A subpoena can be quashed if a party is asking you to divulge the content of privileged information protected by client-lawyer privilege.
Any information exchanged confidentially with your legal advisor is protected by law.
Unless you agree to disclose the content of the information you provided your attorney, nobody can force you to disclose that, even with a subpoena.
Alternatively, if the subpoena imposes an excessive burden on its recipient to comply, that can be ground to contest the subpoena.
Imagine you get a subpoena and you are required to spend days or weeks in preparing thousands of pages of documents while you are not even a party to the legal case.
The court may consider that to cause you undue burden and allow you to quash the subpoena.
A non-party to a case having received a subpoena to produce documents has the right to object on the grounds of relevance.
The courts will typically require that for a third-party to be compelled to produce documents, the party issuing the subpoena must demonstrate a greater level of relevance than a subpoena issued against the opposing party in the court case.
Court does not have subject-matter jurisdiction
You can file a motion to quash a subpoena if the subpoena has been issued by a court that does not have subject-matter jurisdiction to hear the case.
This renders the subpoena invalid altogether.
Requires disclosure of protected business information
If you receive a subpoena requiring that you disclose business trade secrets, confidential information or protected business information, you can move to quash the subpoena.
Businesses go to great lengths in protecting their business information and trade secrets and a party to a case cannot extract that information from the business using subpoena as a vehicle.
Contains vague and ambiguous requests
If the demands formulated by the subpoena are not clear, ambiguous, unreasonable or even impossible to comply with, then good arguments may be made in support to your demand to quash the subpoena.
The failure to respect the proper rules of procedure to serve the subpoena may be a ground to invoke against a subpoena.
In most cases, the court may demand that the serving party serve the subpoena in a valid manner.
Requires disclosure of an unretained expert’s opinion
A subpoena cannot be used to force the disclosure of an expert’s opinion that has not been specifically mandated in the context of the legal proceedings.
Any expert opinion or information is protected information and a motion to quash a subpoena can be used to fight the production of such a report.

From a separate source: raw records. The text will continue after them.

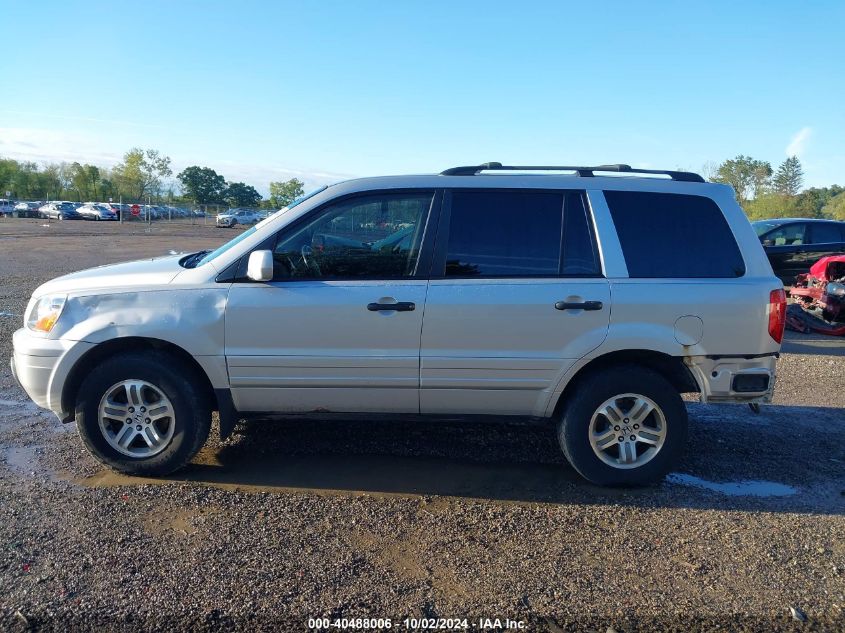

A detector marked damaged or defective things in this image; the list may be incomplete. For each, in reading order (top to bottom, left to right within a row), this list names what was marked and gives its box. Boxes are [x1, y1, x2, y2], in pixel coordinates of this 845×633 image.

damaged rear bumper [684, 354, 776, 402]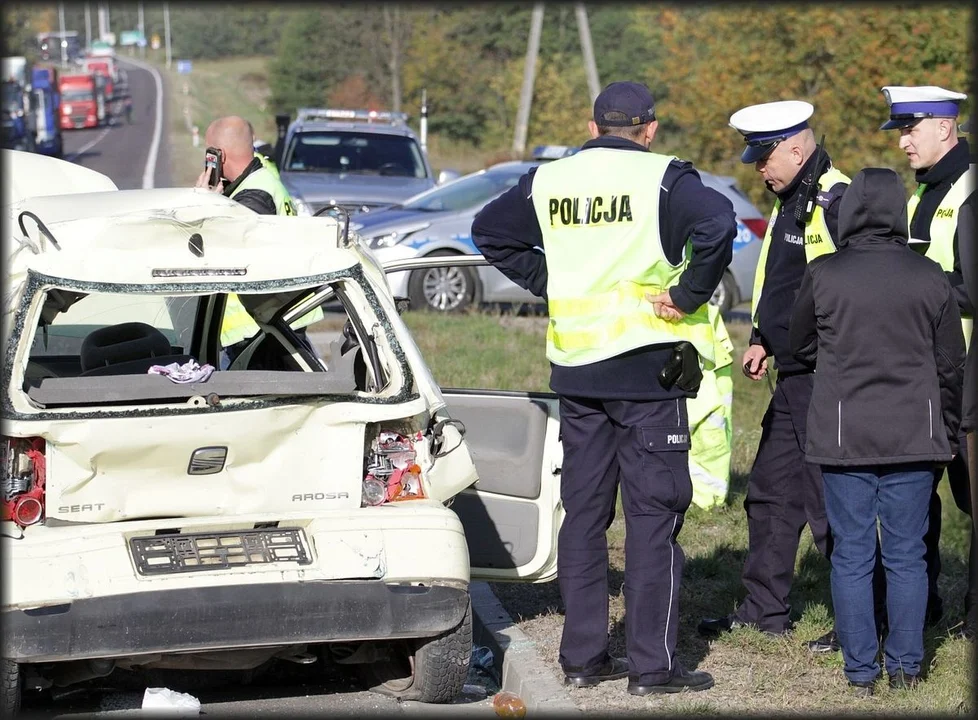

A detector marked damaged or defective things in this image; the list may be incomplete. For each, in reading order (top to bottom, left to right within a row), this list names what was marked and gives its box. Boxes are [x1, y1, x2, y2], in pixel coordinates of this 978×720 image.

wrecked white car [1, 152, 564, 716]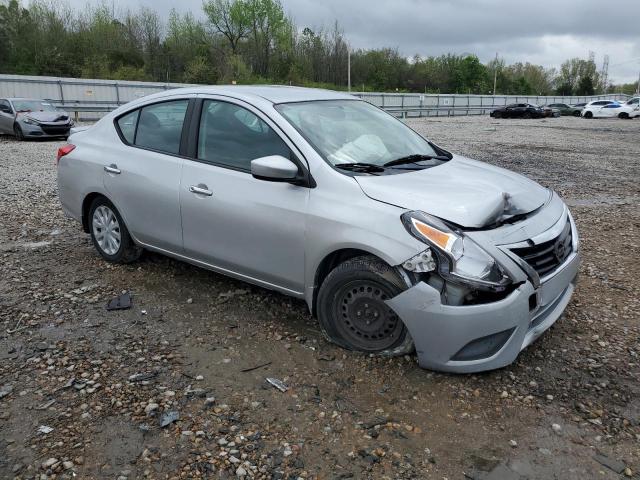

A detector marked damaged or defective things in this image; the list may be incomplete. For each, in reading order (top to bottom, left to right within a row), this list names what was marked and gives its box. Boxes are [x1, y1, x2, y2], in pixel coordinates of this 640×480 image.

crushed hood [356, 155, 552, 228]
cracked headlight [402, 211, 512, 292]
damaged bumper [384, 249, 580, 374]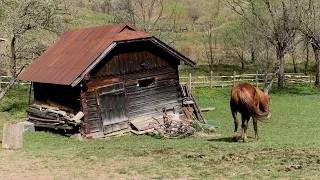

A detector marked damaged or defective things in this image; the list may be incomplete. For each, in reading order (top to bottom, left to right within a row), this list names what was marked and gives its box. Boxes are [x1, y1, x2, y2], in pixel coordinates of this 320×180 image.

rusty metal roof [18, 22, 196, 86]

Court ruling on motion to quash subpoena
When presented with a motion to quash a subpoena, the court has four options:
- Grant the motion and quash the subpoena
- Partially grant the motion and quash parts of the subpoena
- Modify the subpoena to make it reasonable
- Dismiss the motion to quash
If in fact the subpoena is entirely illegal or sent to someone who is entirely unrelated to the dispute for example, the court can grant your motion to quash the subpoena.
When that happens, you will no longer need to comply with the terms of the subpoena.
The court may also partially accept your motion.
In this case, the court may consider parts of the subpoena to be excessive and invalidate those sections only but keep the subpoena enforceable against you.
Alternatively, the court may modify terms of the subpoena to make it more reasonable or eliminate an undue burden on the recipient for instance.
Finally, the court can completely reject your motion to quash the subpoena and maintain the subpoena in its integrality.
In a lot of cases, you’ll need to comply with the terms of the subpoena.
There are other instances is either invalid or has some technical defects giving you the opportunity to contest it and raise objections against having to comply with it.
You can’t just ignore a subpoena or fail to respond to it.
If you want to challenge a subpoena, you’ll need to file a motion to quash the subpoena to fight back.
In this article, we’ve covered some grounds that can be used to object to a subpoena.
We hope that it was helpful to you to better understand a motion to quash a subpoena.